[Start of Attachment]
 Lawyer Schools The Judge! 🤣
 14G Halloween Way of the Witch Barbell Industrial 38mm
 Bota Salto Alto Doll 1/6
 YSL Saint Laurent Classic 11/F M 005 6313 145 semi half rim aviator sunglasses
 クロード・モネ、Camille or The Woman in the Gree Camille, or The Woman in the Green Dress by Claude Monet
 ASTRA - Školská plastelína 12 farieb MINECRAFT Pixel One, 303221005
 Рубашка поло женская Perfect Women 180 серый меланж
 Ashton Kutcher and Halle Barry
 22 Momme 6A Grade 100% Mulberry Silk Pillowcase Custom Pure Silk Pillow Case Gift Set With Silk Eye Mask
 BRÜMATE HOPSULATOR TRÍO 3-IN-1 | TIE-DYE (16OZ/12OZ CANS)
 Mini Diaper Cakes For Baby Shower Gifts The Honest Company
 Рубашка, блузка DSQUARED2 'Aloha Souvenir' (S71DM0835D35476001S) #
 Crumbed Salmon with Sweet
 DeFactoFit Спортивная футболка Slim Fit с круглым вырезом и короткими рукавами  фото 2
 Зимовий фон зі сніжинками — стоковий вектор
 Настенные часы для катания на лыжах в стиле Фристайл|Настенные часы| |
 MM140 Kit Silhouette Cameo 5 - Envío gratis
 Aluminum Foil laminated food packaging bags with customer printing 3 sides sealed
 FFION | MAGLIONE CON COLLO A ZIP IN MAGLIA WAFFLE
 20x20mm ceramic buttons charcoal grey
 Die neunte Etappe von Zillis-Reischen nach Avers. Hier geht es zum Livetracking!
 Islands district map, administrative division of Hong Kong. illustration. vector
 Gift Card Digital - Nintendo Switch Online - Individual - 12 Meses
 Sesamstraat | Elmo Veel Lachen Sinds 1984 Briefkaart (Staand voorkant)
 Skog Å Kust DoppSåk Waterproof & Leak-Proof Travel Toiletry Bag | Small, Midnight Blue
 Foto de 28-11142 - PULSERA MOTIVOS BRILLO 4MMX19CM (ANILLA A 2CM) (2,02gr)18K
[End of Attachment]
### What this task involves
Write down exactly the span of lines above from the one containing "22 Momme 6A" to the one containing "20x20mm ceramic buttons charcoal grey", both ends included.

### Response area
 22 Momme 6A Grade 100% Mulberry Silk Pillowcase Custom Pure Silk Pillow Case Gift Set With Silk Eye Mask
 BRÜMATE HOPSULATOR TRÍO 3-IN-1 | TIE-DYE (16OZ/12OZ CANS)
 Mini Diaper Cakes For Baby Shower Gifts The Honest Company
 Рубашка, блузка DSQUARED2 'Aloha Souvenir' (S71DM0835D35476001S) #
 Crumbed Salmon with Sweet
 DeFactoFit Спортивная футболка Slim Fit с круглым вырезом и короткими рукавами  фото 2
 Зимовий фон зі сніжинками — стоковий вектор
 Настенные часы для катания на лыжах в стиле Фристайл|Настенные часы| |
 MM140 Kit Silhouette Cameo 5 - Envío gratis
 Aluminum Foil laminated food packaging bags with customer printing 3 sides sealed
 FFION | MAGLIONE CON COLLO A ZIP IN MAGLIA WAFFLE
 20x20mm ceramic buttons charcoal grey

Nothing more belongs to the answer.